6. I’m concerned that Byron Buxton is overhyped. I have the Minnesota Twins outfielder in a 14-team, mixed-league fantasy league and shunned trade offers for him when he was the top prospect in baseball. Even though Buxton finished 2016 strong, his 2017 start has been awful. He has two hits in 26 at bats before Tuesday and went 0 for 3 while Estes was pulling out a victory. I blame Brownback.
7. Primaries can be a good thing. Estes was chosen as the GOP nominee by a few dozen people on the local party central committee. If there had been a more traditional primary, it could have magnified divisions within the party, but at least Estes would have been forced to ramp up his campaign earlier, presumably putting him in better shape for the general election. As is, he successfully navigated the convention and then ran an underwhelming race.
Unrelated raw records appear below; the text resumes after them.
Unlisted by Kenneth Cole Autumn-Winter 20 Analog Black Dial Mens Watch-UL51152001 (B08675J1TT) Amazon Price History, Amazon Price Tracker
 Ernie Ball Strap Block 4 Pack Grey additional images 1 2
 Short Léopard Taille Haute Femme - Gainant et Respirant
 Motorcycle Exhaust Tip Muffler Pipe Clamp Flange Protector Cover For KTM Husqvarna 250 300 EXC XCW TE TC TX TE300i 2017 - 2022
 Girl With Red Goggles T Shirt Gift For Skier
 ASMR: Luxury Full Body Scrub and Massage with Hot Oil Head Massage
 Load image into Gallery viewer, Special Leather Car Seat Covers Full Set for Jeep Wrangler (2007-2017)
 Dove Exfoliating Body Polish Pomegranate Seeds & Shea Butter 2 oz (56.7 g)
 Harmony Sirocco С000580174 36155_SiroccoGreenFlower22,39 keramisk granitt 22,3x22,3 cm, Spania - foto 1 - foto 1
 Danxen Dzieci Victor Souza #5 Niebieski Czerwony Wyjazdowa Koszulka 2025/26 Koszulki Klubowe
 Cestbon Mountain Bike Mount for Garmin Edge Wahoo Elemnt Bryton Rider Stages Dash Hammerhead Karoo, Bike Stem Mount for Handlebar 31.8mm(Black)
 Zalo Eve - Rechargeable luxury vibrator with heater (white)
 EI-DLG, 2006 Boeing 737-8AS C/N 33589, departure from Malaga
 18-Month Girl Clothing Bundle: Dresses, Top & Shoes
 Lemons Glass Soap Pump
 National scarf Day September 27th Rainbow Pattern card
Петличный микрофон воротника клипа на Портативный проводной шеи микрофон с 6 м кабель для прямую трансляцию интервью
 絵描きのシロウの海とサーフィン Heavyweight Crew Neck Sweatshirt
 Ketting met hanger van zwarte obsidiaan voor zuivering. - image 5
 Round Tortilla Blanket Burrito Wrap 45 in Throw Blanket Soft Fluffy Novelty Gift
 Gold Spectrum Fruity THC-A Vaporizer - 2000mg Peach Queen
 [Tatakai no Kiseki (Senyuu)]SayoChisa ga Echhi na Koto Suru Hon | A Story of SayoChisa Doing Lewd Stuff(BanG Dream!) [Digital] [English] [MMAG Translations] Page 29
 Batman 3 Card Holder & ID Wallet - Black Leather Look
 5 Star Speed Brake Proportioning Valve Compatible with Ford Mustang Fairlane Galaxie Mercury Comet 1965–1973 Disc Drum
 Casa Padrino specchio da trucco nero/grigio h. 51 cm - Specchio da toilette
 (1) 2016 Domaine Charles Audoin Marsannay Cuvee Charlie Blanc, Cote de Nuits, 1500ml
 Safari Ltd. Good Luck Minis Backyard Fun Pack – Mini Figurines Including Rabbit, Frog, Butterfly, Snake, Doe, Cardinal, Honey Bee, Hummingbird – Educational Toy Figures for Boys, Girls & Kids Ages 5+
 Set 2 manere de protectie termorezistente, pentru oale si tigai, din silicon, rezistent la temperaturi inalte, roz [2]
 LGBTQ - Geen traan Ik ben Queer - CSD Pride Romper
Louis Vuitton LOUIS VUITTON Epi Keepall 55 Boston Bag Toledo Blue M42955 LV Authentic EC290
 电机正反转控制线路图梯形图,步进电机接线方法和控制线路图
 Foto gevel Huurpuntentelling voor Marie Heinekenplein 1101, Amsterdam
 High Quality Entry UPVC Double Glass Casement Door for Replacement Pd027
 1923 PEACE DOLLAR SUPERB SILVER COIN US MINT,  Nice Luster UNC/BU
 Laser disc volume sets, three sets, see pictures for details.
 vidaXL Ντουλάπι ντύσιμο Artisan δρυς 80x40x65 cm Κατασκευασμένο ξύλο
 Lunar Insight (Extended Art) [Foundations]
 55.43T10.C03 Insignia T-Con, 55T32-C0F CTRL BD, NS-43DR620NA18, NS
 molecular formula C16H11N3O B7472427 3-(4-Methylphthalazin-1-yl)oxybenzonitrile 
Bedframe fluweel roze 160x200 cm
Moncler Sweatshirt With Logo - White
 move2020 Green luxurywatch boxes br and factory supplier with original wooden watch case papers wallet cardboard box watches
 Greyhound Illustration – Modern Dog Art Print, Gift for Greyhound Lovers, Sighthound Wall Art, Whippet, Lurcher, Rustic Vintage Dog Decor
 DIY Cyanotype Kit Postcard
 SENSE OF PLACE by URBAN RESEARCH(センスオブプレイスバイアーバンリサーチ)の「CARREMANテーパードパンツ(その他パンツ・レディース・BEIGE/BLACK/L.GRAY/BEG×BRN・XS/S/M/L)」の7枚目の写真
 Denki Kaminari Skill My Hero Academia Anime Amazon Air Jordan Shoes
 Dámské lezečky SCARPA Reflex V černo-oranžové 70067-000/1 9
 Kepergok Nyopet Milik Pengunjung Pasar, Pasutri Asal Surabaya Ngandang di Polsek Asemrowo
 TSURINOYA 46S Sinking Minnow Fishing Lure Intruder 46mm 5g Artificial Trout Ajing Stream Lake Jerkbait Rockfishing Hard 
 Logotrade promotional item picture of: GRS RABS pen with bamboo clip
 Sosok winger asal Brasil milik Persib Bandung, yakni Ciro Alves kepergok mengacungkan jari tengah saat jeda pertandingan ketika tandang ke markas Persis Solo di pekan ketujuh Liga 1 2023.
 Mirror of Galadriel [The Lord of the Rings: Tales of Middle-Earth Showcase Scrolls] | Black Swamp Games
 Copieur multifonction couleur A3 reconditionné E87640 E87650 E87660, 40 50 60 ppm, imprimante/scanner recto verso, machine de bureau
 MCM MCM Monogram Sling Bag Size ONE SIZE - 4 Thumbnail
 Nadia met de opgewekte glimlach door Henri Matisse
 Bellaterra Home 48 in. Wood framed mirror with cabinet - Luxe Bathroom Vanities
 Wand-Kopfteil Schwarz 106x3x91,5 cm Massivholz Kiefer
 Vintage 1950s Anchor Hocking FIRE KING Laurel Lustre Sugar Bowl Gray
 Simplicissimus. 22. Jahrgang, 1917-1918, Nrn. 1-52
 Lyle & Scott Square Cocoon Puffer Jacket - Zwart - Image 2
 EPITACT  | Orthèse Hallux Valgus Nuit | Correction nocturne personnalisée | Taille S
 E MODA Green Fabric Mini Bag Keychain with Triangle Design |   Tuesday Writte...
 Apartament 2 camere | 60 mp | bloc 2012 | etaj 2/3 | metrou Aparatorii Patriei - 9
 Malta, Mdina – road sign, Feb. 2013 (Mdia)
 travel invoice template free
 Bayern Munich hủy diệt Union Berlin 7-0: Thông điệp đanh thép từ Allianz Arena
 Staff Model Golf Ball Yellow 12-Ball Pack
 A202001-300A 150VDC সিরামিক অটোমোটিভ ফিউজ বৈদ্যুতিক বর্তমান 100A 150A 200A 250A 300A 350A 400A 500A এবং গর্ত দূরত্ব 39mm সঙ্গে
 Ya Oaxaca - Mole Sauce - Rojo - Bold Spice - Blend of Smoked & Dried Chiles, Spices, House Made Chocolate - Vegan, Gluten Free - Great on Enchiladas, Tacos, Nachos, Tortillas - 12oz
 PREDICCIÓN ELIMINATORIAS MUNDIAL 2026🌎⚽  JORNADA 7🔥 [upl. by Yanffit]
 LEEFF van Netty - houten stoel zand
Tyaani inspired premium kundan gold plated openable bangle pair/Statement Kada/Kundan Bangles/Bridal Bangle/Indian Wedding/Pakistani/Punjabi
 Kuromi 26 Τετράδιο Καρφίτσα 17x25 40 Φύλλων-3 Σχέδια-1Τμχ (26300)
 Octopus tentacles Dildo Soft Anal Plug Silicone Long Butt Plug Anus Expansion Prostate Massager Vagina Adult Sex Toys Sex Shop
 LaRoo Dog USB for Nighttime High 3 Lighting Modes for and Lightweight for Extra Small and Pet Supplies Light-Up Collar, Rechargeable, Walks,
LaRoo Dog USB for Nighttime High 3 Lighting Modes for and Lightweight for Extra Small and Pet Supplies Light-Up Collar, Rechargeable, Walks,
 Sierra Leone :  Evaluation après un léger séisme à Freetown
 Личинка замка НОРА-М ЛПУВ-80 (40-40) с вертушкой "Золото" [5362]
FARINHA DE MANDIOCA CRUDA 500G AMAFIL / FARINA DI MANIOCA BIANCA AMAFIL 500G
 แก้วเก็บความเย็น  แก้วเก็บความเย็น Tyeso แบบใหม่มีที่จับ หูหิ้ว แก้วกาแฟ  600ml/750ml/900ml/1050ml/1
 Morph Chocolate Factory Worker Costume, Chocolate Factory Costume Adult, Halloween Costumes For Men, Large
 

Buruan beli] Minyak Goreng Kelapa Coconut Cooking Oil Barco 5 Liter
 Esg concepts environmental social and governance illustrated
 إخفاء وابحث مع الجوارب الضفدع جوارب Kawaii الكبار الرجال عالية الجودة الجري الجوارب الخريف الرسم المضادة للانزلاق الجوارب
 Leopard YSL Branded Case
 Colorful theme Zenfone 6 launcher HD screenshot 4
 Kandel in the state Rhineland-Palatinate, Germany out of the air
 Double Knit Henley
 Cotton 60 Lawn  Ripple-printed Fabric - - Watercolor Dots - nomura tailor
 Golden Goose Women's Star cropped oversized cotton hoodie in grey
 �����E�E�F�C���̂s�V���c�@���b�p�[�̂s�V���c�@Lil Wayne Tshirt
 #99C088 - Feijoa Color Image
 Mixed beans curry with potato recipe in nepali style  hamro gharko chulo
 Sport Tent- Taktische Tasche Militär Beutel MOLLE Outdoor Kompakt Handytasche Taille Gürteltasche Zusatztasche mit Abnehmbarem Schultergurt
8. Being authentic is important. On one hand, Estes appeared to identify the distaste for Washington, but the Establishment Republican’s most notable ad was awkward. “His biggest commercial was him in a swamp with gators. He is not a tea party candidate from Alabama,” explained one frustrated Republican with Kansas connections. A different ad wouldn’t have prevented all the panic, but it could have helped Estes connect better with Republican voters he needed.
9. Can we please stop talking about California’s 34th District? On Tuesday, smart friends were putting together a trend line for an uptick in Democratic performance including Kansas 4, California’s 34th District, and on to Georgia. But I’m not convinced the special election in the Los Angeles seat to replace Democratic Rep. Xavier Becerra tells us anything. In a field of 23 candidates, Democrats boosted turnout against a lone Republican (apartment building manager William “Rodriguez” Morrison), who didn’t raise and spend more than $5,000, since he apparently didn’t file with the Federal Election Commission. It looks like Democrats are using Trump to boost turnout, but this race tells us squat.
10. We’ll all sound smarter about these specials after 2018. The predictive value of special election results is greater after we know the results of the next, regularly scheduled elections. Whether it’s Democrat Paul Hackett’s loss in 2005 in Ohio (before Democrats gained 30 seats in 2006) or Democrat Mark Critz’s win in Pennsylvania in 2010 (before Democrats lost 63 seats six months later), it’s often hard to know how much or little to make of special election results until we know the fuller picture and which aspects of the race foreshadowed the future and which factors were unique to the special election.
11. BonChon is good. I’m still thinking about the Korean fried chicken lunch we had at the Navy Yard location on Saturday. Meanwhile, my Tuesday lunch at Eatsa was a combination of cool and creepy. Who is making the food behind the wall and how do I know they are of legal age to work in the United States?